In keeping with that vision, I have been working over the last dozen years with a non-profit I helped found, Transit Choices, to improve Baltimore’s public transit system. My motivation is exactly in the spirit of my father’s that by addressing the problems that create poverty we can show that it is cheaper to solve these problems than to ignore them. In 2015, Harvard University did a study of poverty in America that stated that the top obstacle to people trying to escape poverty nationwide was poor public transportation.

Right now is a crucial moment in the transportation arena. With Wes Moore as Maryland’s governor and excellent leadership at the Mass Transit Administration, the Maryland Department of Transportation and in the Maryland General Assembly, and with Joe Biden as our president, the opportunity exists to truly create a first-rate transit system in the Baltimore region that would connect people who do not have access to cars to jobs, educational activities, medical care and even healthy food.

We have seen the state legislature address the shortcomings in our educational system with the “Blueprint for Maryland’s Future.” But what sense does it make to provide a first-rate education system for our kids if those dependent on public transit can’t get to school on time in a reliable fashion? And once they graduate, how can they be expected to get to their job opportunities if they cannot arrive at those jobs in a timely, reliable manner?

What we need now is a “Blueprint for Public Transit.” We need to envision what it would take to develop a great transit system: How many buses, light rail and subway trains? What frequencies, how many drivers, and other investments to provide such a system and what would it cost? In addition, we need to be addressing what it would cost to convert our bus system to electric vehicles in order to meet climate change goals and reduce pollution, especially in poorer, underserved neighborhoods.

Holly Arnold, the MTA’s administrator, has provided us with the data necessary to answer these questions.

Right now, the legislature has two commissions studying how we raise revenues for our transportation system. But it is not enough to just think about how we address the projected increasing gap between revenues and expenditures for public transit. We must be thinking about how we can raise enough revenue to truly create a great transit system to help lift people out of the cycles of poverty that presently confront them.

So how do you sell the public and lawmakers on the increases in fees and taxes that would be necessary to create these revenues? People living in Western and Southern Maryland, and people on the Eastern Shore legitimately ask what is in it for them to pay for a better Baltimore regional transit system.

The answer is just what my father was driving at. We need to make the argument that it is cheaper to fix poverty than to maintain it. The cost of increased incarceration and crime and the cost of maintaining a social welfare system for the poor create additional taxes that reach into the pockets of all the citizens of Maryland. By addressing the problems that create poverty, like poor public transit, we can reduce the total tax burden on Marylanders.

Baltimore should and could be an economic engine for the whole state of Maryland.

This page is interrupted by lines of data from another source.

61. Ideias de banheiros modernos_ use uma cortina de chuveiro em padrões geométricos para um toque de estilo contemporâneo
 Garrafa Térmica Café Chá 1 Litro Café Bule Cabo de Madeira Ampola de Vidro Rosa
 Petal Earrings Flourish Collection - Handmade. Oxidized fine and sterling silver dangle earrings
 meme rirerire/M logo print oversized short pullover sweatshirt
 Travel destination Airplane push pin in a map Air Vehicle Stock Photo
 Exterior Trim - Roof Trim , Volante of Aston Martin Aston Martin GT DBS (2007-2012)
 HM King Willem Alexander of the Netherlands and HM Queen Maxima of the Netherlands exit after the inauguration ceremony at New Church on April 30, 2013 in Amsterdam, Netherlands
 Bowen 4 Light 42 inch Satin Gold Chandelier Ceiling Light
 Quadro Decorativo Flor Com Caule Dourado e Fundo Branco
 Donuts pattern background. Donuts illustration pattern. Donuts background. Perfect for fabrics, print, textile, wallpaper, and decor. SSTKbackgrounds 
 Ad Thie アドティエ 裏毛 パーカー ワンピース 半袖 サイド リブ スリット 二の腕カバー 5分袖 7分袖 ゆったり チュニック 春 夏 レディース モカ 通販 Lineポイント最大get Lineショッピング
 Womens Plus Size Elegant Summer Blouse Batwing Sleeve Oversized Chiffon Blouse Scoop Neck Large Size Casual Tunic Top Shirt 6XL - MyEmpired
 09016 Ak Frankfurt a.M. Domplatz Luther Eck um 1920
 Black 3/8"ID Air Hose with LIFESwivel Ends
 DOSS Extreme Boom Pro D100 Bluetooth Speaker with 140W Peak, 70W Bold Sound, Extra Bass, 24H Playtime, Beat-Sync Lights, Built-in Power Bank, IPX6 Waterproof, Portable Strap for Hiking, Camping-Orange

It could be drawing in investment, creating jobs and adding to the tax base for the state, thereby reducing the tax burden of the rest of the state. Instead, it is a drain on the state’s resources because of the costs of dealing with the results of its chronic impoverishment.

This is why we need a blueprint for public transit in the Baltimore region just like the state’s blueprint for education. This is how we can build on the true legacy of my father’s vision.

— Jimmy Rouse, Upperco

The writer, the son of pioneering developer, urban planner and philanthropist James Rouse, is president of the board of Transit Choices.